Isaiah 44:6-8Psalm 86:11-17
Romans 8:12-25Matthew 13:24-30, 36-43

Weeds among the wheat

Did you know that Americans spend tens of billions of dollars every year on lawn and garden care? For the last century or so, green grass has been the American dream — sometimes, in fact, the American obsession. Grass is apparently the United States’ biggest crop, and it sucks up a substantial percentage of the water consumed on the East Coast. Not only that: every year Americans hire gleaming tankers full of herbicides to cruise up and down our suburban streets, and we pay them to apply tons of expensive chemicals to our lawns. The enemy? Weeds. Crabgrass. Dandelions. Anything that interferes with that smooth expanse of lawn. Sure, chemical sprays clean out the weeds, all right, but they destroy a lot more than weeds. A few days ago we heard about a lawsuit filed against Dupont over a new herbicide that may inadvertently be killing spruce, pine, and other evergreen trees. 1 Our herbicidal effort to be rid of weeds comes at a heavy cost to the natural world. As columnist Chet Raymo once put it, “in dousing our landscape with chemicals we also rid ourselves of garden snakes, spring peepers, glowworms… ladybugs, toads, frogs… salamanders, bluebirds, [and] cicadas.” 2

“Time for a truce with dandelions.” That is what Chet Raymo concluded, regarding the natural world, and that is what Jesus concluded, too, regarding the life of the spirit. In Matthew’s parable of the weeds and the wheat, the householder’s servants are eager to tear out the worthless weeds that the evil one has planted in the field. But the householder tells them, “No; for in gathering the weeds you would uproot the wheat along with them” (Matthew 13:29). It seems that the weeds — possibly a local Middle Eastern variety known as darnel — look very much like wheat when they are young. In fact, it is impossible to distinguish the two in their early stages. By the time the plants bear grain, it is easy to tell the one from the other, but by then their roots have become intertwined: you can’t pull out the weeds without uprooting the wheat at the same time. And so, says the householder, both weeds and wheat must be left to grow together until the time of the harvest.

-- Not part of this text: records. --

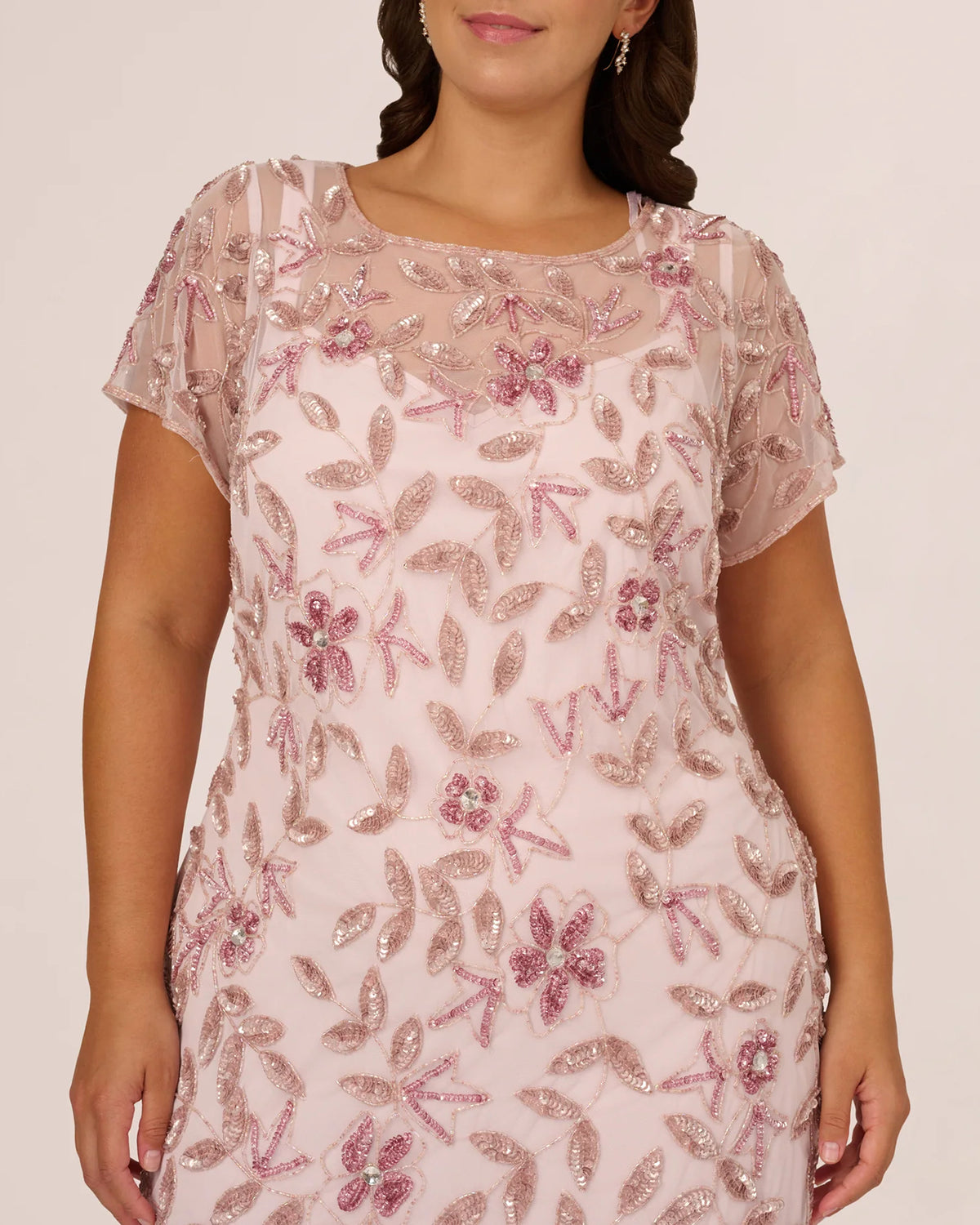 short-sleeve a-line maxi mother of the bride dress - image 3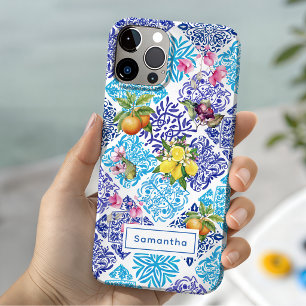 Sizilianisches Mittelmeer-Zitrus-Azulejo-Blumenmus Case-Mate iPhone Hülle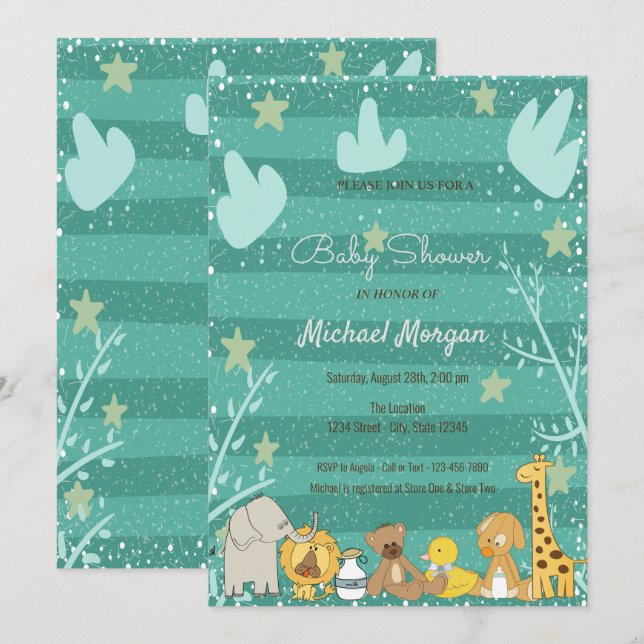 Invitation Bois, Baby shower d'animaux forestiers (Devant / Derrière)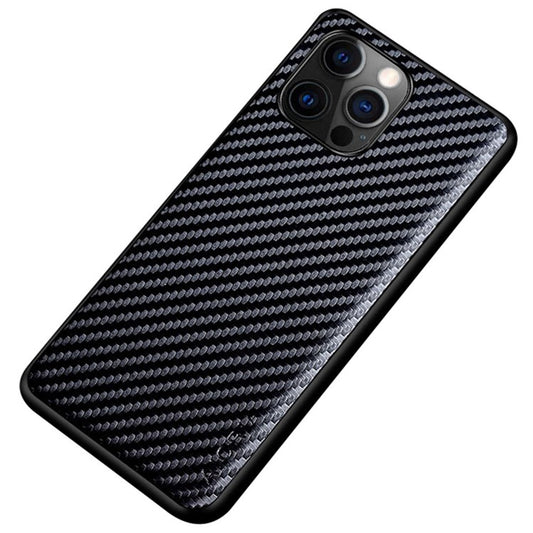 AIORIA for iPhone 14 Plus Anti-drop Carbon Fiber Texture PU Leather Coating Case Hard PC + Soft TPU Bumper Protective Phone Cover - Black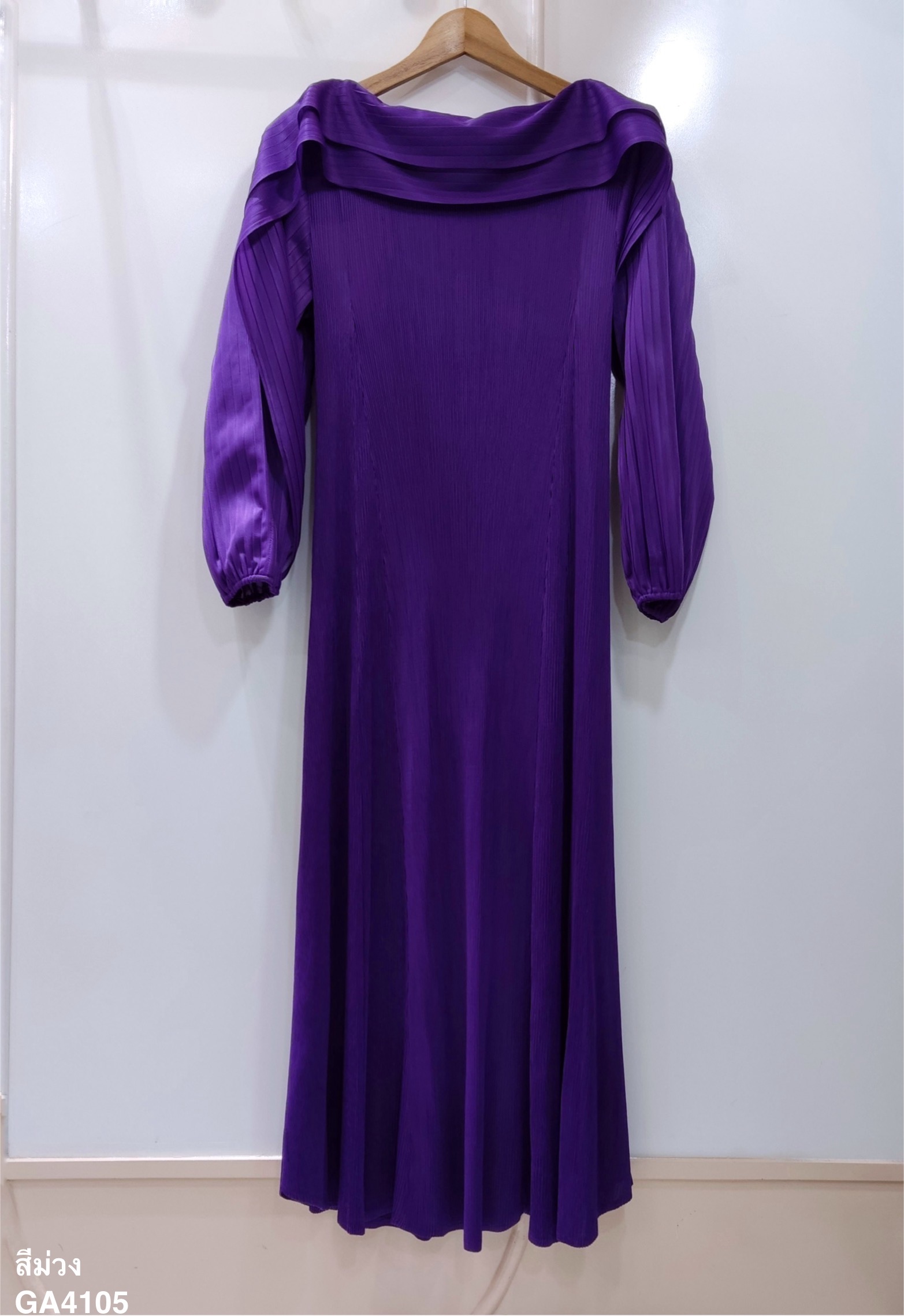 2MUAY รุ่น GA4105 เดรสพลีทคุณภาพ LAYER SLEEVE PLEATED DRESS 10 สี FREE SIZE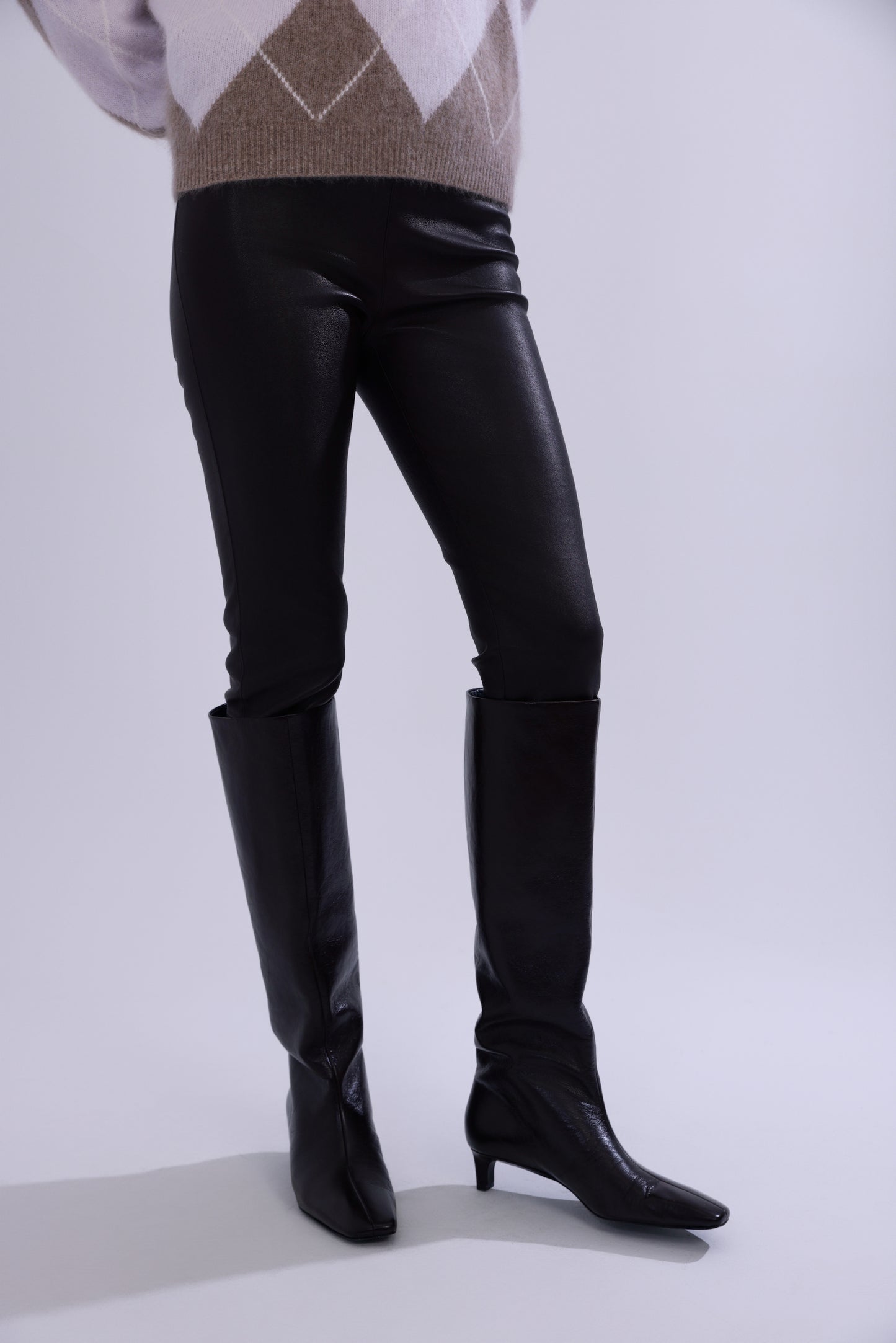 High-stretch sheepskin skinny pants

I leave it to you to consider how you want to handle the weeds in whatever stretch of lawn or garden may be in your care. But I invite you to imagine that your life, your soul, is a garden and that all sorts of things are growing in it. As you gaze out over the landscape of your life, what do you see? Can you see any wheat — qualities in yourself and aspects of your life that you like and value and want to keep? Can you see any weeds — shortcomings, failings, behaviors that you don’t much like?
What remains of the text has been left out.